Last week (January 26, 2012), The Centers for Medicare and Medicaid Services (CMS) and HHS’ Office of the National Coordinator hosted the first “Care Innovations Summit” in Washington, D.C. to “showcase innovative work in care delivery and payment.” The Summit brought together leading innovators from inside and outside the healthcare industry to encourage and promote knowledge-sharing, “matchmaking,” and engagement to drive transformation of our healthcare system. The three-fold goals of all healthcare transformation efforts are: the promotion of “better care and better health at lower cost.”
James L. Holly, MD, SETMA’s CEO attended the Summit and the preceding November, 2011 Leaders and Innovators meeting hosted by Healthcare Information and Management Systems Society (HIMSS).

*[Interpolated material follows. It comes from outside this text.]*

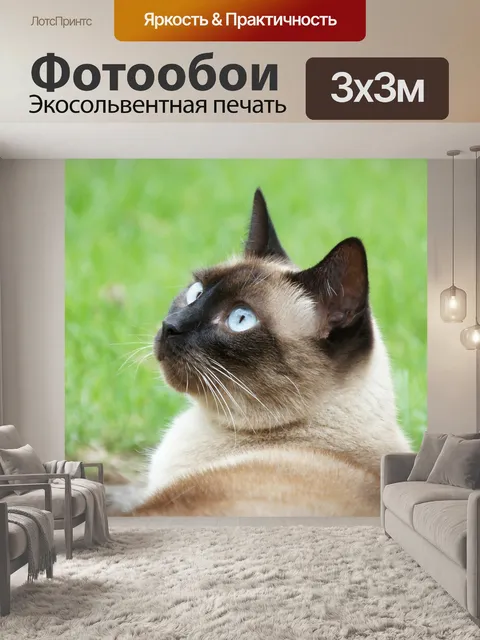 Фотообои Кот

HIMSS CEO, Stephen Lieber described the November meeting, “The HIMSS Leaders & Innovators program brings together healthcare senior executives who will help drive leadership, innovation and overall strategic discussion and direction around current topics facing anyone in healthcare. Executives have the authority and the vision to transform healthcare.”
Center for Medicare and Medicaid Innovation (CMMI) - Introduction
“Welcome to the Center for Medicare and Medicaid Innovation. Established by the Affordable Care Act, the Center for Innovation is a new engine for revitalizing and sustaining Medicare, Medicaid, and the Children's Health Insurance Program (CHIP) and ultimately for improving the health care system for all Americans. The Innovation Center has the resources and flexibility to rapidly test innovative care and payment models and encourage widespread adoption of practices that deliver better health care at lower cost.
“Our Mission: better care and better health at reduced costs through improvement. The Center will accomplish these goals by being a constructive and trustworthy partner in identifying, testing, and spreading new models of care and payment. We seek to provide
- “Better health care: by improving all aspects of patient care, including Safety, Effectiveness, Patient-Centeredness, Timeliness, Efficiency, and Equity (the domains of quality in patient care as defined by the Institute of Medicine).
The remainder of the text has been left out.